Dieses Whitepaper erklärt, wie und wann Ungewissheit in Supply-Chains mit stochastischer Planung bewältigt wird (und wann Sie darauf lieber verzichten). Im Fokus steht dabei die Unsicherheit der Nachfrage, da diese ein Problem für alle Unternehmen darstellt. Sie können die gleichen Ansätze jedoch auch für das Managen anderer Unsicherheitsfaktoren verwenden.
Was ist stochastische Planung?
Der Begriff stochastisch bezieht sich auf etwas, das nicht genau vorherzusagen ist, da es eine Zufallskomponente enthält. Stochastische Planung ist daher das Vorbereiten auf eine Reihe potenzieller Ergebnisse.
Im aktuellen „Hype Cycle for Supply Chain Planning Technologies“ verortet Gartner stochastische Supply-Chain-Planung in der Phase, die als „Abgleiten ins Tal der Enttäuschungen“ bezeichnet wird. Das bedeutet, die Analysten von Gartner rechnen damit, dass es fünf bis zehn Jahre dauern wird bis stochastische Supply-Chain-Planung signifikant zur Produktivität beitragen wird.
Wie die meisten Konzepte im Supply-Chain-Management ist auch das stochastische Planen keine neue Erfindung. Es lässt sich als ein Kontinuum betrachten, das von gängigen Praktiken bis hin zu aktuellen, von technologischem Fortschritt getriebenen Innovationen reicht. An einigen konkreten Beispielen wird dies im Folgenden veranschaulicht.

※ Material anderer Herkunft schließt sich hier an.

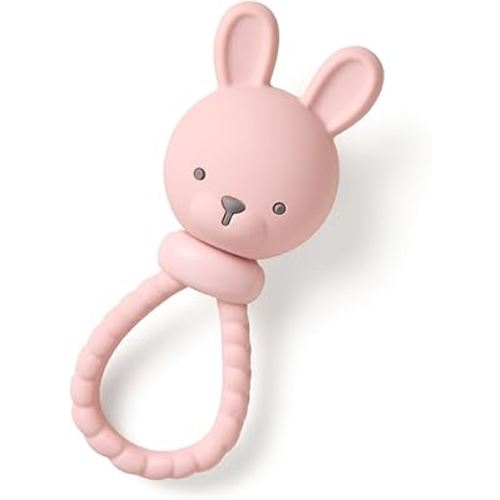 Itzy Ritzy Silicone Rattle Toy, Teething Toy with Soft Jingle Sound (Bunny) | Features Soft Jingle Sound, Hollow Silicone Top & Textured Handle to Soothe Gums for Sensory Exploration & Fine Motor Skills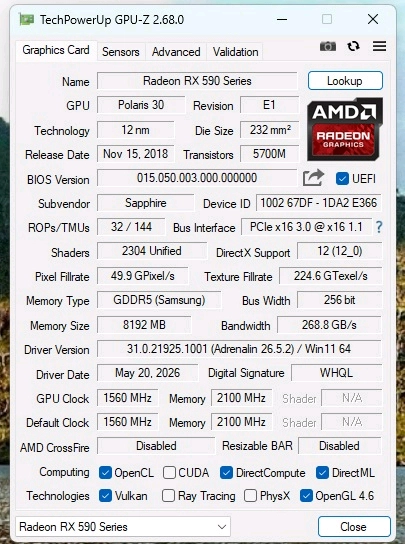 RX590 8GB 사파이어 이미지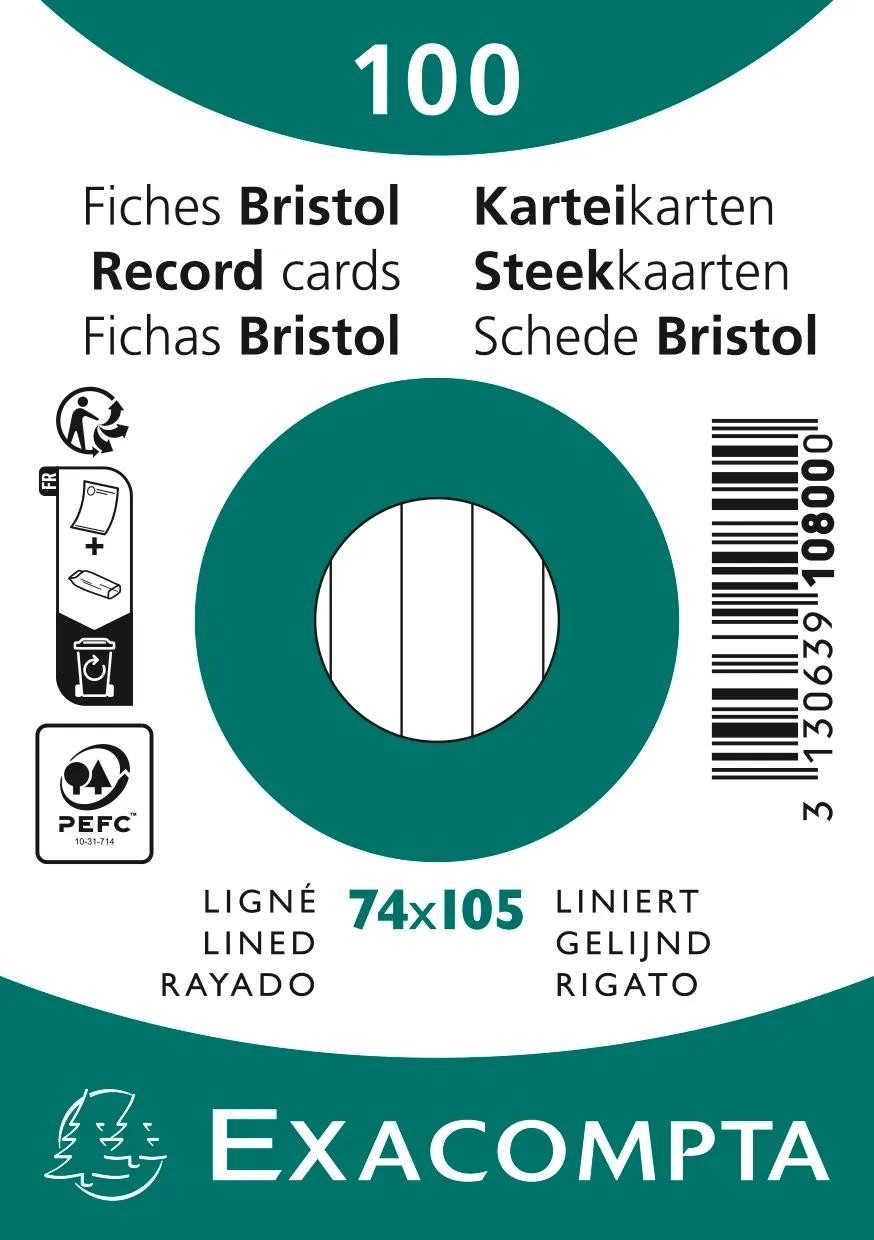 EXACOMPTA Karteikarten 40x Karteikarten A7 liniert, 100 Stück eingeschweißt - Weiß - 10800SE, Karteikarten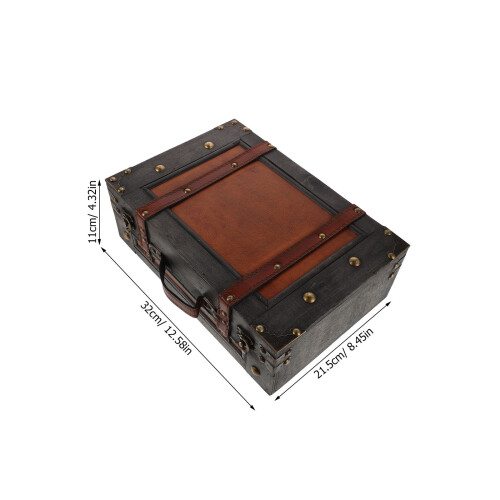 Wooden Treasure Chest With Handle For Keepsake Storage 2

Stochastische Planung für optimale Bestände
Nimmt man Absatzprognosen als Fakt an – begegnet man also zum Beispiel einer Prognose von 100 Stück mit einer Bevorratung von exakt 100 Stück zur Erfüllung dieser erwarteten Nachfrage – würde man die Kundenbedürfnisse wohl nicht befriedigen. Selbst wenn die Absatzprognose sehr genau und die prognostizierte Menge im Durchschnitt richtig wäre, würde die Kundennachfrage doch regelmäßig nicht erfüllt werden: Ursache ist die zufällige Schwankung der Nachfrage.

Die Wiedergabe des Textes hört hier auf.